V2 — memory, governance & breadthIncident-memory store + fix priors (§ 9.1). Token-budget accounting into 06-cost; multi-candidate (N agents, pick the one whose fix verifies — the judge-panel pattern); cooldown/fingerprint tuning; optional consumer-owned auto-merge policy gate; opt-in signal retention for APM-less consumers.incident-memory D1 table; cost accounting; candidate fan-out via fan-out model.

Open questions

  1. Agent runtime default. opencode, Claude Code, or a bespoke Effect CLI like demo-agent? (opencode/reasonix are no longer model-route backend names — those collapsed to workers-ai — so the name is free to mean the actual coding-agent CLI here.) The agent/v1 contract makes it swappable, but V0 needs one default. Recommendation: a thin Effect CLI driving the model-proxy, so the loop/iteration/budget controls live in our code, not the agent’s.

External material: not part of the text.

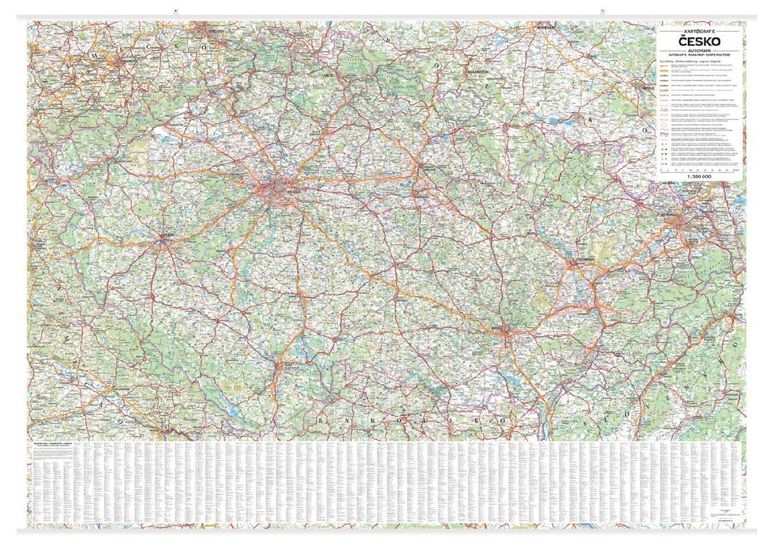 Levně Česko - nástěnná automapa - 1 : 360 000 s rejstříkem obcí 2025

  2. Repro strength for application errors — V1 is experimental, label it so. When repro.kind = "derived" the agent writes a failing test, then fixes — and autonomous agents frequently produce plausible-but-wrong diffs or vacuously- passing tests, so “require an added test for the verified label” does not by itself stop a tautological test that asserts nothing. V0’s CI class (a real, pre-existing failing command) is the only credible auto path; V1 application- class ships behind an explicit experimental flag, and even then leans on draft-only + pr-review + human merge. Don’t oversell derived-repro healing.
  3. Correlation confidence. The signal→execution join is heuristic (time proximity + changed-file overlap) and only exists for flare-dispatch-dispatched deploys (§ 5). Low confidence must both mark suspectRef advisory and gate auto-escalation (self-heal.escalate-min-confidence) so a weak guess folds into triage, not a heal.
  4. Model-proxy vs. Bedrock default. Is (A) the universal default, or do BYOC/Bedrock consumers prefer (C) end-to-end? Recommendation: (A) default, (C) auto-selected when self-heal.backend = bedrock.